In July 2016 The David Suzuki Foundation, Ecojustice, Friends of the Earth, and the Ontario Nature and Wilderness Committee collectively filed an application requesting that the Federal Court declare that Canada’s Pest Management Regulatory Agency’s (“PMRA”) practice of registering neonicotinoid pesticides for use in Canada without being provided the supporting scientific information is unlawful.
The environmental groups argue that PMRA’s course of conduct in initially registering and then subsequently renewing the registrations of the neonicotinoid pesticides without sufficient information and justification determining whether or not the environmental risks are acceptable represents an unlawful practice. The case also challenges the PMRA’s failure to consult the public as required by the Pest Control Products Act.

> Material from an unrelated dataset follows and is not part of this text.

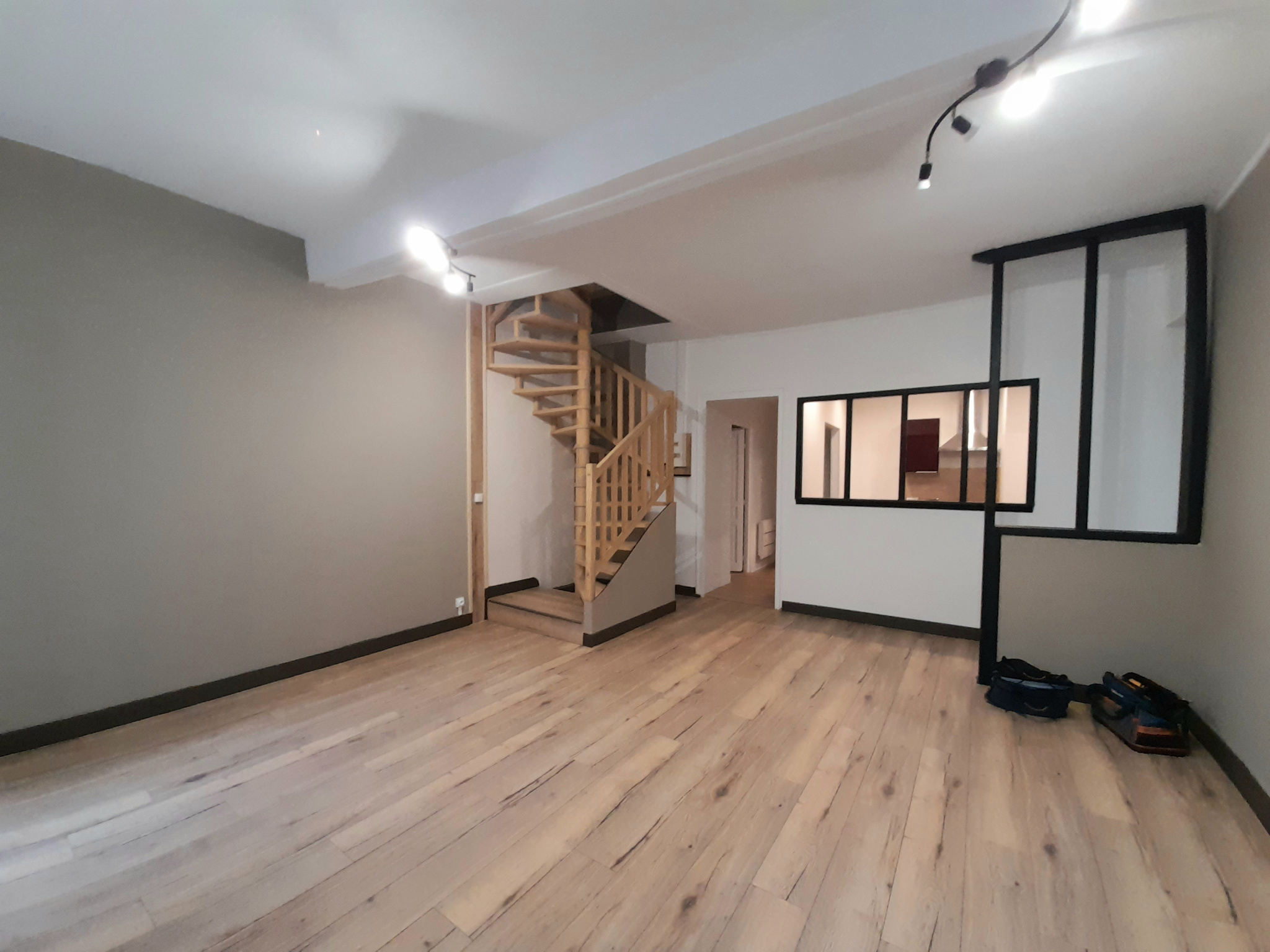 LOCATION - Appartement - Saint-Bonnet-le-Château (42380) - 483 €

The environmental groups claim that in approximately 79 cases, PMRA requested more information and field studies on the neonicotinoids and then proceeded, absent the information requested, to grant the conditional registrations. The conditional registrations were then repeatedly renewed despite the PMRA still not being provided the information requested.
On April 11, 2018 the Federal Court confirmed that the lawsuit launched by the environmental groups can proceed to a full hearing notwithstanding the repeated attempts by the federal government and manufacturing companies to have the case dismissed. Justice Catherine Kane of the Federal Court upheld an earlier decision of the Federal Court allowing the case brought by the environmental groups to proceed.
The continued use of neonicotinoids is an international issue. Earlier this year the European Union brought forward compelling information seeking a total ban on neonicotinoid bee-harming pesticides.
Upon review of the information provided, on April 27, 2018 the European Union (“EU”) voted to ban the use of neonicotinoid pesticides on outdoor crops. A report released by the European Food Safety Authority (“EFSA”) concluded that “most uses of neonicotinoid pesticides represent a risk to wild bees and honeybees.” The EU regulations ban the use of imidacloprid, clothianidin and thiamethoxam on outdoor crops in EU member states. However, the indoor use of the neonicotinoids, in greenhouses, was not found to have the same harmful effects on honeybees and wild bees and as result indoor use was not subject to the restriction.
The Environment Secretary for the UK, Michael Gove, expressed support for the ban after reversing the government’s previous position on neonicotinoids stating “we cannot afford to put our pollinator populations at risk.”
The Vermont State Senate, in April 2018, voted 29-0 to ban the use of neonicotinoid pesticides. “Bees and other pollinators are responsible for one in every three bits of food we eat and their decline poses a serious threat to our food supply, environment and agricultural economy in Vermont,” stated Molly Anderson, Professor of Food Studies, Middlebury College.
Earlier this year on February 20, 2018, the Québec Superior Court granted an application on behalf of the beekeepers of Québec for authorization to proceed with a class action against the pesticide manufacturers for damages suffered by the beekeepers as a result of the harm caused by the use of the neonicotinoids. The authorization has been appealed by the chemical manufacturers and the appeal is scheduled to be heard in June 2018.